How to make a terrible sales call
Asking an either/or question, rather than a yes/no question, is a big no no.
It happened again.
Yesterday I got a call from a salesperson with a company here in Colorado. She breathlessly told me what she did, mentioned she was going to be in my area and asked me if Tuesday or Wednesday would be better for her to stop by.
No rapport-building, no questions about whether I might actually need what she has, no asking for permission. She just assumed I’d be happy to set aside some of my valuable time for her to make a more detailed sales pitch. As if I sit around my office twiddling my thumbs, wishing a salesperson would stop by to break up the monotony.
The technique she used – asking an either/or question rather than a yes/no question – is an old one. The idea is you don’t give the prospect the option of saying no, so you’re more likely to secure an appointment.
I can’t believe companies (and some so-called sales experts) are still training people to use garbage like this. The tactic didn’t work when it was first conceived and it doesn’t work now.
On the contrary, it can work against you. It’s a manipulative, annoying, high-pressure approach that makes prospects uncomfortable, angry and skeptical. Not how you want to start out a sales call.
I’ve done business with this company before, but this salesperson’s ham-handed attempt to set an appointment annoyed me so much that I’m actually less likely to buy from them in the future. (At least their competitors don’t call me up and try to force their way onto my calendar.)
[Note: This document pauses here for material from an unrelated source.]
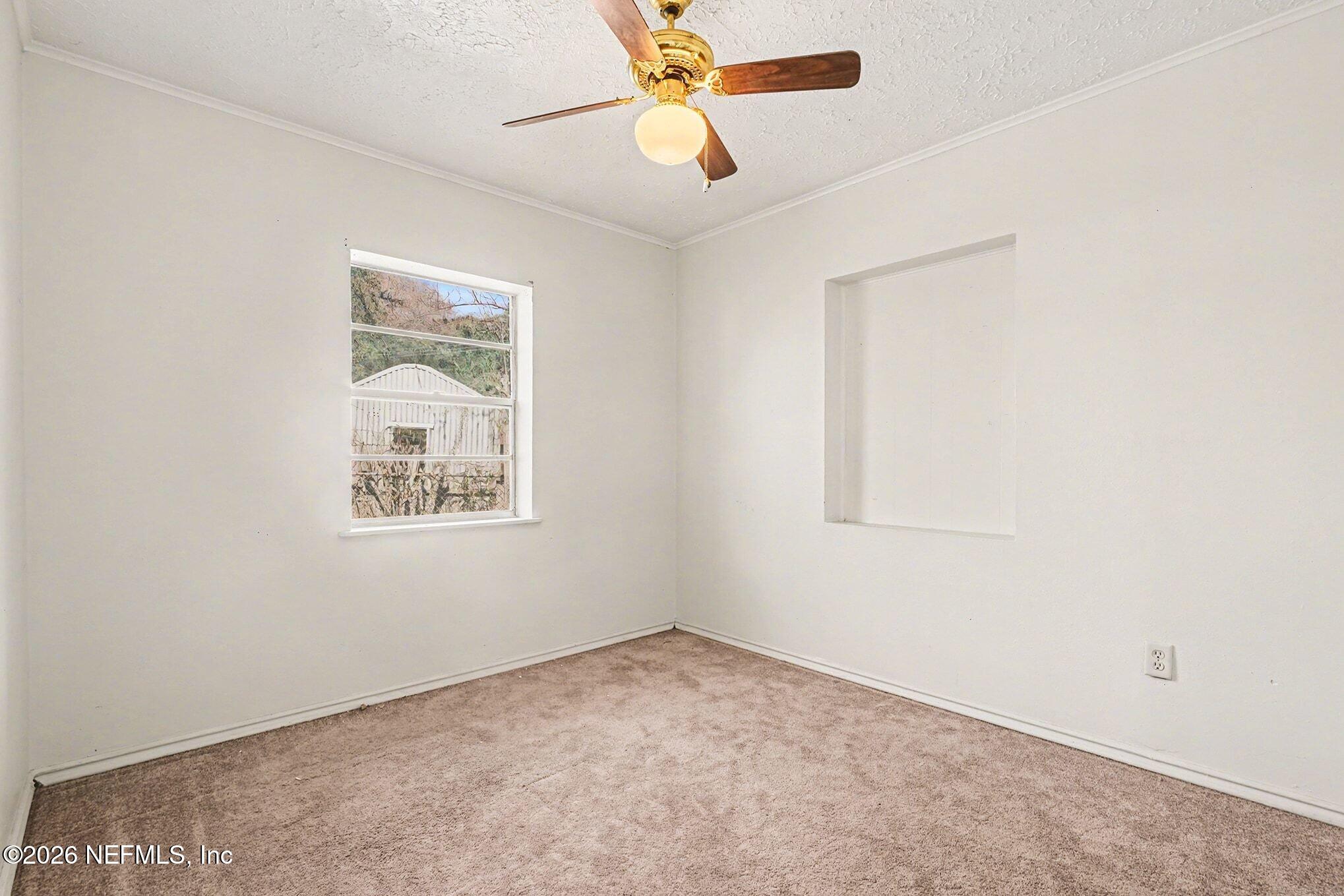 3661 Calla Drive Jacksonville, FL 32207 - Photo 9 of 16 a view of an empty room with a window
When you’re making cold calls, keep these principles in mind:
1. Respect your prospect’s time.
2. Ask permission for everything.
3. Lead with a problem your prospect might be facing and/or the benefit of your product or service.
4. Determine quickly whether or not what you’re offering is of any interest to your prospect.
5. Take “no” for an answer.
6. Offer something of value, like a free report, consultation, audit, webinar, sample or ebook. (And no, your brochure, informational DVD, or catalog is not something of value. At least, not from your prospect’s perspective.)
A cold call is an interruption for your prospect, so you’re already starting out with one strike against you. Proceeding like this salesperson did only makes things worse. Instead, employ these six principles to make your cold calls more positive—both for you and your prospect—and you’ll never make a terrible sales call again.